According to an ILTA survey, 98% of firms are now using cloud computing in some capacity. The ability to handle document review anytime, anywhere has become essential with remote work. Boutique firm Ragsdale Liggett transitioned fully to the cloud during COVID shutdowns. This enabled staff to keep eDiscovery moving smoothly for clients despite office closures. The reduced hardware costs also helped their lean 13-attorney team better compete with big firms on doc review pricing.

Lawyers report that cloud-based review tools yield cost savings up to 80% over traditional methods. The cloud model converts what were once massive fixed expenses into flexible operating costs that rise and fall with demand. Firms pay only for actual processing power and storage used each month rather than overprovisioning on-premise infrastructure to handle peak loads. The cloud’s autoscaling eliminates waste, aligning resources tightly to each case's needs.

Some examples illustrate the dramatic savings:

- A regional firm switched 200 TB of eDiscovery data storage to the cloud, reducing costs by 50%

- An international firm's document review tool transition lowered annual pricing from $180,000 on-premise to just $15,000 in the cloud

- A boutique firm found moving eDiscovery to the cloud decreased their spend by $40,000 per case on average

Lower costs let firms offer eDiscovery pricing models that minimize client risk, like contingency and flat fees. This cost predictability encourages clients to utilize eDiscovery more proactively rather than viewing it as an unavoidable expense. Protera Technologies structures fixed-fee pricing around client data volumes, covering all technology and services. This empowers smaller firms to provide certainty around total discovery costs.

Less Legwork, More Insight: How AI Streamlines eDiscovery and Cuts Costs - AI Assistance Frees Up Lawyers for Higher-Value Work

While AI accelerates eDiscovery document review and research, its greatest value is enabling attorneys to reallocate time to higher-priority responsibilities. Lawyers freed from manual tasks can focus on work only human insight and judgment can execute. This maximizes human capital efficiency and impact.

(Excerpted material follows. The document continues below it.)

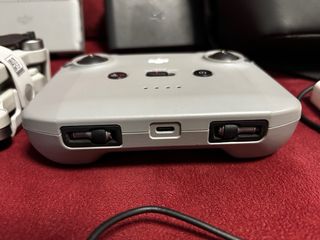 DJI MINI 2. NO DRON.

Partners at Am Law 200 firms estimate they spend over a quarter of time reviewing documents. While essential, this rote analysis shortchanges their specialized skills in litigation strategy, negotiation, and client counseling. AI's speed advantage at scale documentation review leaves human attorneys' availability for nuanced tasks AI cannot match.

Many lawyers view document review as a rite of passage for junior associates to learn case details. But with shrinking budgets, clients balk at paying high billable rates for document coding that algorithms outperform. AI handles bulk document triage at a fraction of the cost. Associates then analyze the subsets most requiring human discernment around privilege, confidentiality and responsiveness. This balances AI efficiency with tailored human judgement.

At multinational firm Reed Smith, AI decreased document review time so attorneys could strengthen pleading arguments. Associates also gained time for deeper legal research, precedent analysis and trial preparation. This improved case outcomes and client satisfaction.

In M&A deals, AI review of stockpile transaction documents provides rapid background context so attorneys can focus on high-stakes terms negotiation. For secured lending, algorithms handle collateral lien reviews, freeing lenders' counsel for complex intercreditor agreements requiring their expertise. AI also drafts and reviews routine filings like UCC statements, releases, and extensions so attorneys handle only exceptions.

Contract management AI extracts core terms from lengthy contracts and highlights key changes between versions. This enables sharper focus negotiating major commercial points rather than reviewing every line. AI document generation handles routine agreements so attorneys craft more customized contracts for unique deals.

At AM Law 50 firm Lewis Roca, lawyers gained 15-25% more time for client advising by using AI tools for discovery and research. The freed bandwidth strengthened responsive legal guidance differentiated from DIY solutions. This also facilitated cross-selling other firm services, deepening client loyalty. The firm also shifted personnel from routine work to more engaging initiatives improving practice operations.